Pourquoi je me pose la question ? Pourquoi je ne supprime pas avant les qq données qui dépassent les 5GB .. Parce qu'il est très compliqué de supprimer ces  données sur iCloud . Je suis à 6,2GB actuellement sur le Cloud.

Merci


----------



## ericse (22 Février 2021)

Bonjour,
De ce que j'ai compris, mais d'autres membres pourrons confirmer ou pas, Apple ne va pas effacer de fichiers, c'est à toi de le faire. Par contre ton compte sera bloqué en lecture seule tant que tu ne l'auras pas fait.


----------



## ErikM (23 Février 2021)

ericse a dit:


> Bonjour,
> De ce que j'ai compris, mais d'autres membres pourrons confirmer ou pas, Apple ne va pas effacer de fichiers, c'est à toi de le faire. Par contre ton compte sera bloqué en lecture seule tant que tu ne l'auras pas fait.



Merci, j'ai supprimé le backup des "Messages" qui de toutes façons est inexploitable dans la boîte noire qu'est iCloud

Bye bye sans regrets iCloud..

Même à 0,99 EUR / mois pour 50GB, c'était trop inefficace et fermé sur soi-même.
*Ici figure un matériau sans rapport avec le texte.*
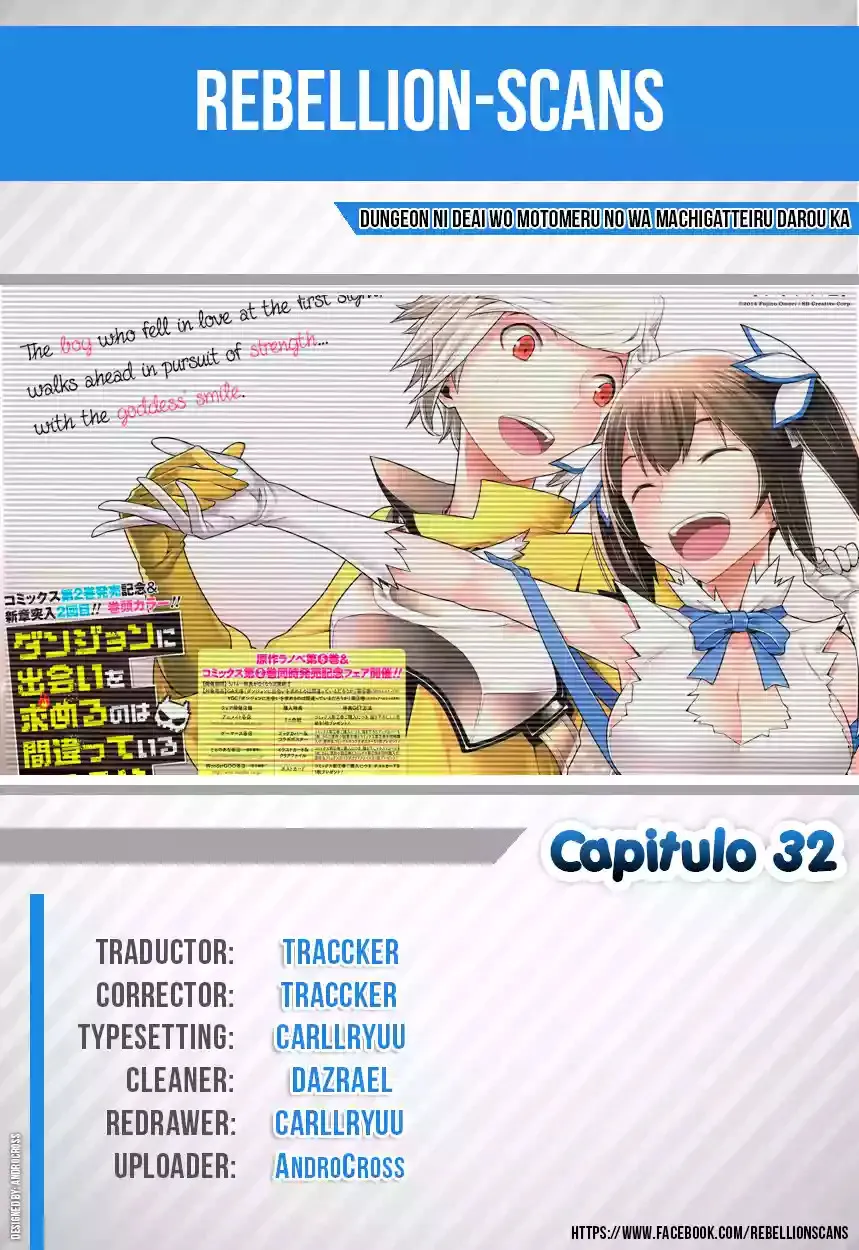 Dungeon ni Deai wo Motomeru no wa Machigatteiru Darou ka Capítulo 32 en Línea - página 1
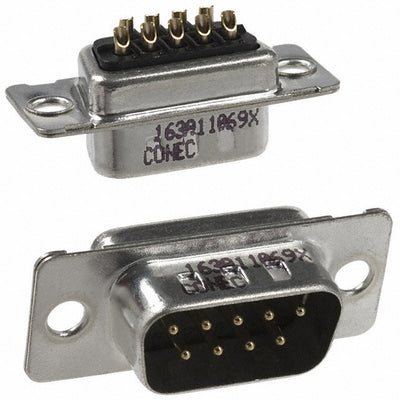 163A11069X by Conec - CONNECTOR D-SUB PLUG 9POS SLDR CUP
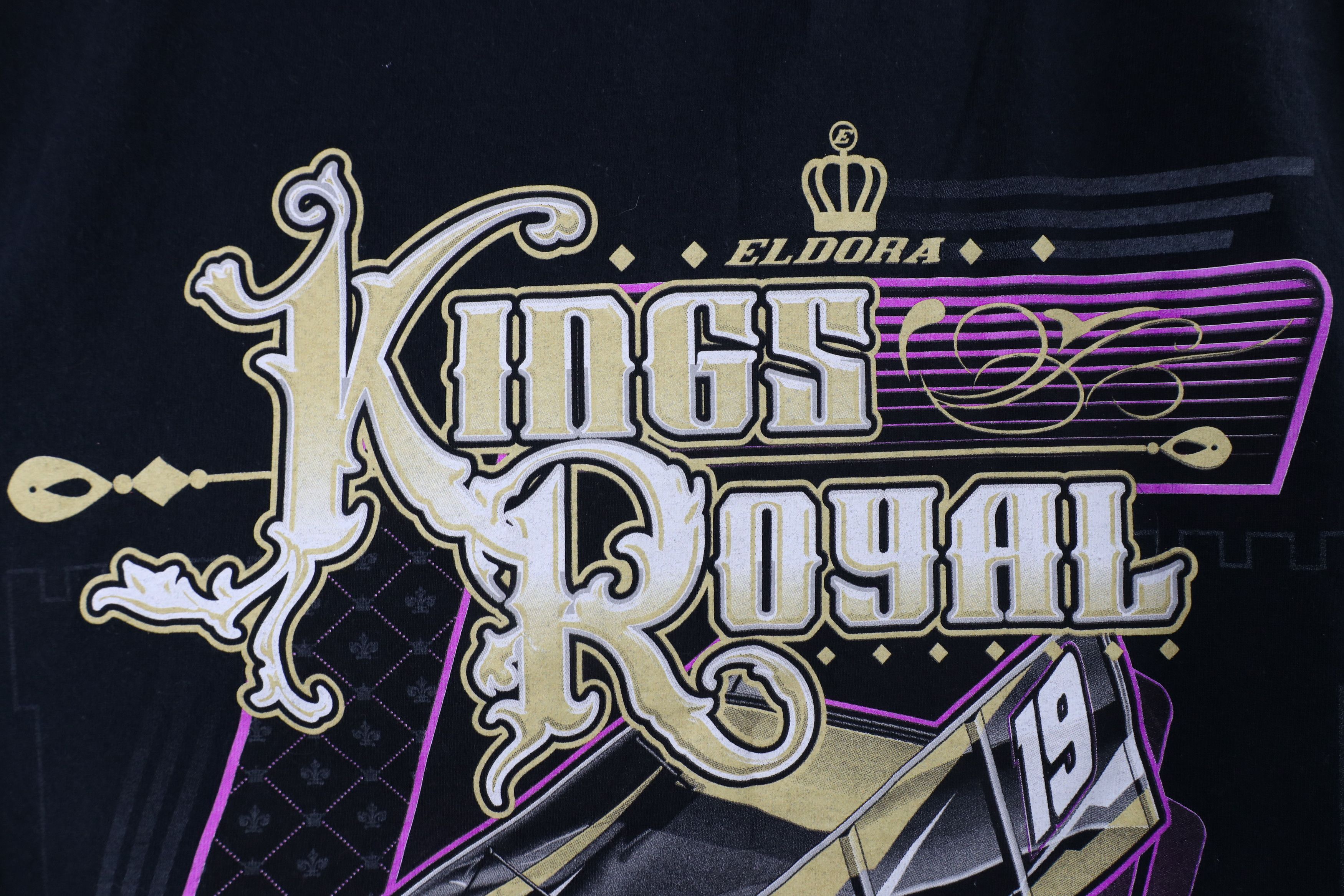 Vintage Streetwear Speedway Car Racing Kings Royal T-Shirt Black Size US M / EU 48-50 / 2 - 5 Thumbnail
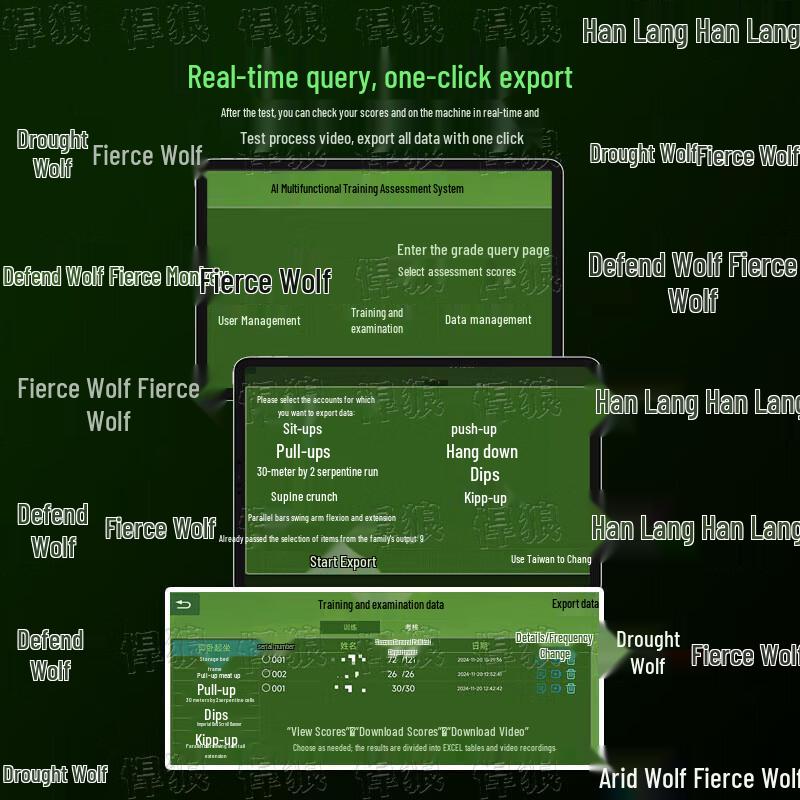 Hunter Wolf Smart AI Fitness Training & Assessment Systems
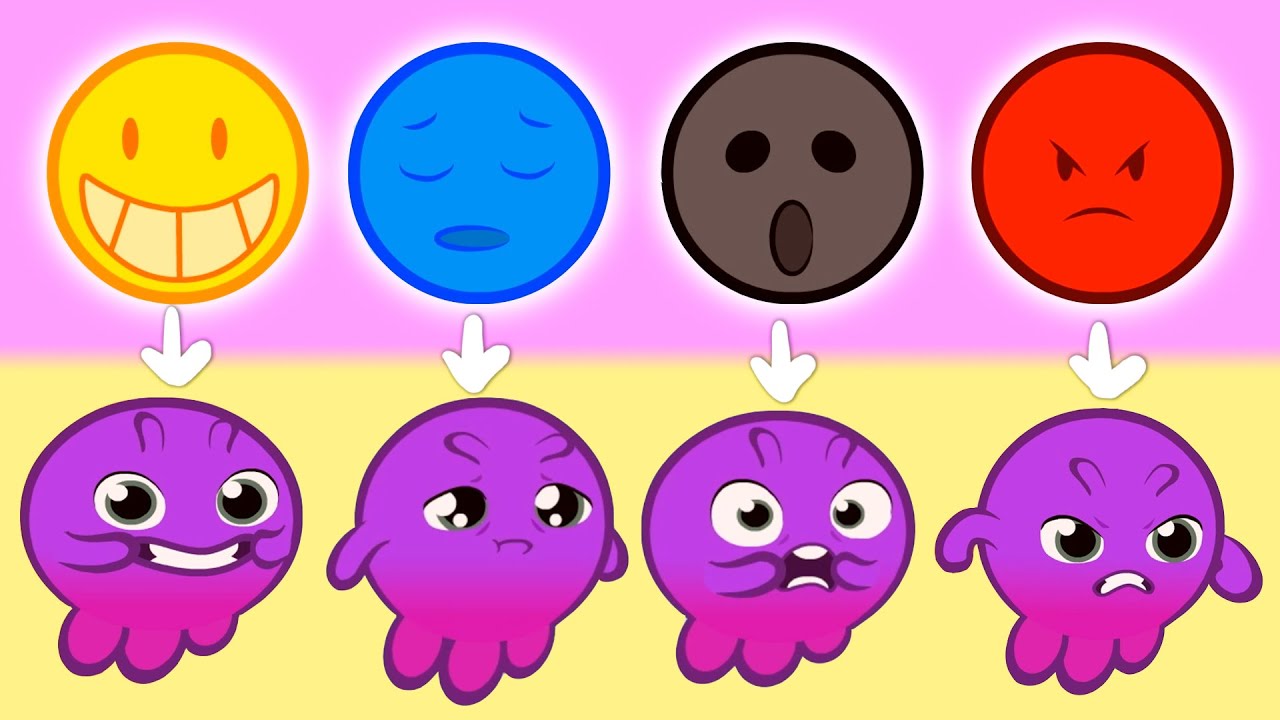 Groovy Le Martien apprend à connaître les émotions de base | la tristesse, la colère et la peur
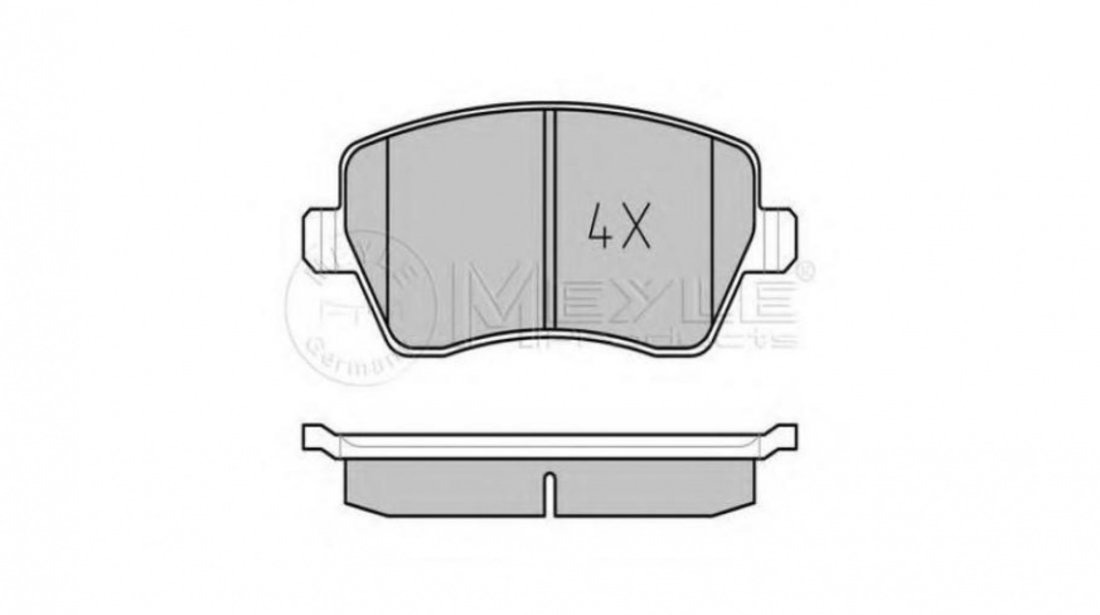 Set placute frana Dacia LOGAN MCV (KS_) 2007-2016 #2 0252397317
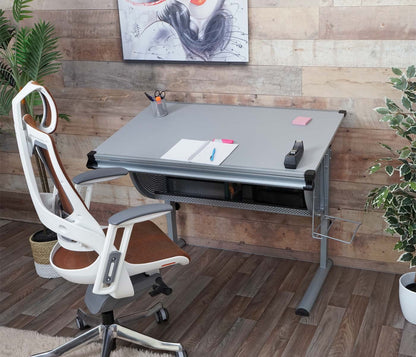 Bureau voor kinderen/jongeren Bureau voor studenten Bureau voor kantoor Oxford, in hoogte verstelbaar, kantelbaar ~ naturel, beuken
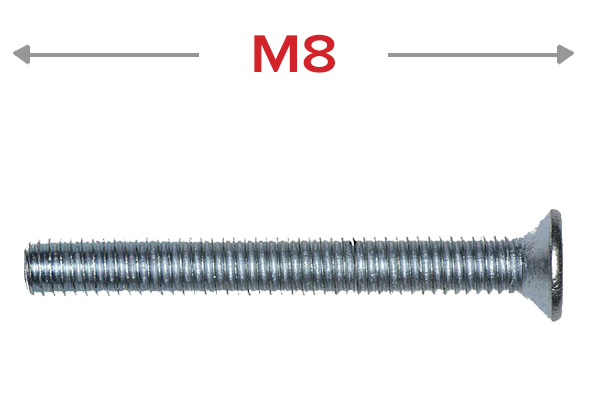 Винт потай М8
Sans regrets aucuns


----------



## ericse (23 Février 2021)

ErikM a dit:


> Merci, j'ai supprimé le backup des "Messages" qui de toutes façons est inexploitable dans la boîte noire qu'est iCloud


C'est que tu ne l'utilisais pas bien


----------



## ErikM (23 Février 2021)

C'est vraiment pas Apple cet iCloud.. c'est conçu pour être fermé à souhait et locker les gens dans l'écosystème Apple.. 

J'aime mes Mac, iPad, iPhone.. mais je veux rester libre


----------



## izel mor (23 Février 2021)

ErikM a dit:


> C'est vraiment pas Apple cet iCloud.. c'est conçu pour être fermé à souhait et locker les gens dans l'écosystème Apple..
> 
> J'aime mes Mac, iPad, iPhone.. mais je veux rester libre


Bonsoir 
Libre de quoi?
Tu as d’une part iCloud qui est un service de synchronisation que tu utilises ou pas.
Et iCloud Drive qui est un stockage en ligne, certes pas très innovant mais facile à utiliser. 
Le seul problème est peut-être le manque de lisibilité apparente des volumes occupés entre iCloud et iCloud Drive. 
Côté synchronisation, c’est vrai que Messages est le parent pauvre mais les autres apps fonctionnent bien.


----------